As race leader Michel Desjoyeaux is back up to speed, his rival wins back 160 miles in 36 hours
With Michel Desjoyeaux’s (Foncia) speed back up to 10 knots, it appears that he may have escaped the Doldrums even before crossing the Equator. But in this unpredictable zone, you cannot jump to any hasty conclusions.
The violence of the squalls could still offer some surprises to Vendée’s clear leader. 334 miles further south, Roland Jourdain (Veolia Environnement) must be feeling pleased after regaining 160 miles in 36 hours. At 13.3 knots this morning, he is making the most of the steady trade winds to win back the miles from his rival.
It may not be the Doldrums, but for Samantha Davies (Roxy), to the south of Rio, the effect is the same. Struggling in light winds her average speed over 24 hours has dropped to 6.5 knots. At the same time, Marc Guillemot (Safran), closer to the Brazilian coast has maintained his speed (11.6 knots) meaning that he is now just 35 miles from Sam, whereas 48 hours ago, 250 miles separated them.

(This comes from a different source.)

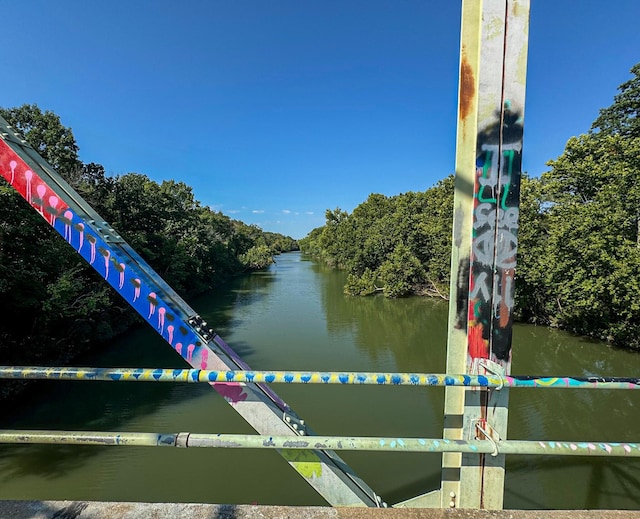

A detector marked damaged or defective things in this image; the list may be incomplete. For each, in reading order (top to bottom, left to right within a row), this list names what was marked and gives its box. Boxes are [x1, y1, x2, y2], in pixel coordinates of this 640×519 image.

rusted metal post [442, 0, 528, 512]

The battle is raging too between the Cape Horn Trio, Brian Thompson, GBR, (Bahrain Team Pindar), Dee Caffari, GBR (Aviva) and Arnaud Boissières (Akena Vérandas) off the Valdès Peninsula in Argentina.

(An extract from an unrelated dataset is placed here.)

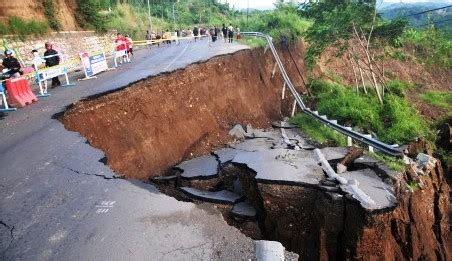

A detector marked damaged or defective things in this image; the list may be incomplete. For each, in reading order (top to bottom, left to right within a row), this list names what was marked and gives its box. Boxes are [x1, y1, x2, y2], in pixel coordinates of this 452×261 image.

cracked asphalt road [0, 39, 254, 258]
bent guardrail [242, 31, 404, 155]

On his ten-year-old boat, the Frenchman is finding it difficult to keep up with his British rivals. Dee Caffari is doing 16.9 knots this morning in spite of the damage to her mainsail, and has achieved the best performance over 24 hours. Caffari now finds herself just 70 miles behind Thompson and the same distance ahead of the French skipper, and she has been consistently quicker than her compatriot. But this group is expected to hit lighter winds today.

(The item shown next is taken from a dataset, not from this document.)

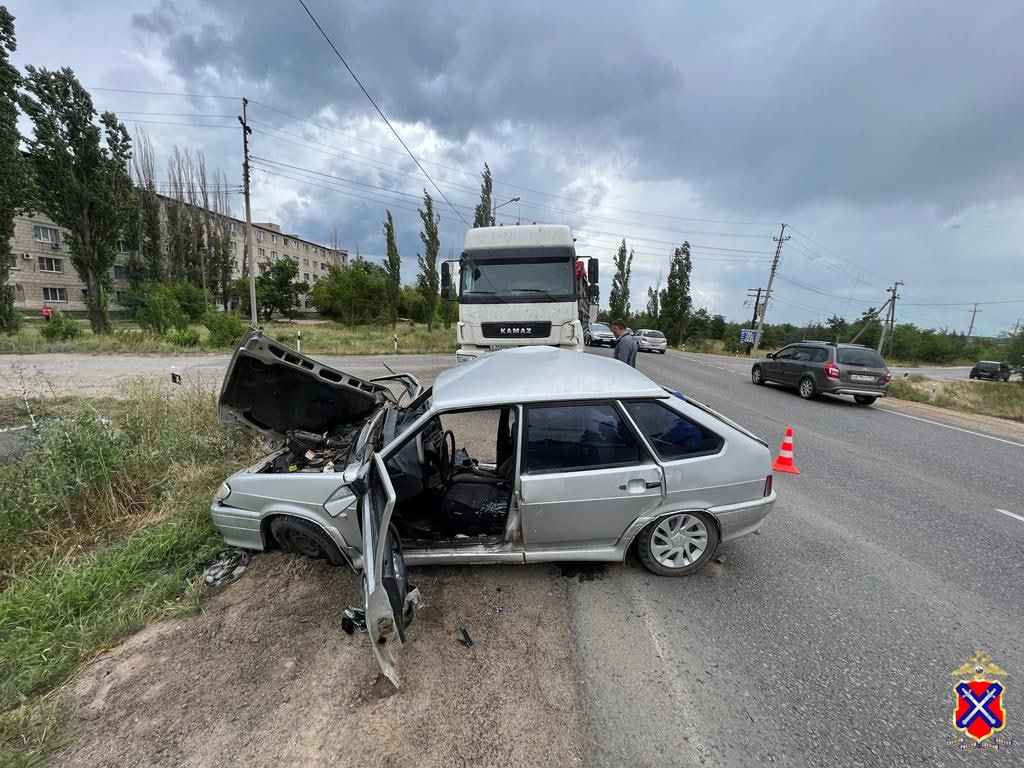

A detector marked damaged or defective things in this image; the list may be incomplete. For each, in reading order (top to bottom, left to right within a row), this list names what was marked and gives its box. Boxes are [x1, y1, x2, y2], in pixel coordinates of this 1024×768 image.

detached car door [360, 454, 415, 688]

After a quick passage towards Cape Horn, a traditionally bumpy and windy first rounding at 20:30 GMT last night, Steve White (Toe in the Water, see above) suffered the transitional slow down as he turns up the Atlantic towards the Maire Straits. But at 06:00 this morning he had made nearly 100 miles since the lonely rock but, while last night his was pledging to do all he can to catch the trio nearly 1000 miles in front of him, light winds in the South Atlantic may thwart his ambition initially at least.
Rich Wilson is back in brisk 30 knots winds and has 1400 miles to Cape Horn, whilst the Dinelli and Sedlacek duo are making slow, but steady progress resolutely south of the SW Pacific Ice Gate, presumably deciding together when they will dip north to satisfy the gate’s requirement.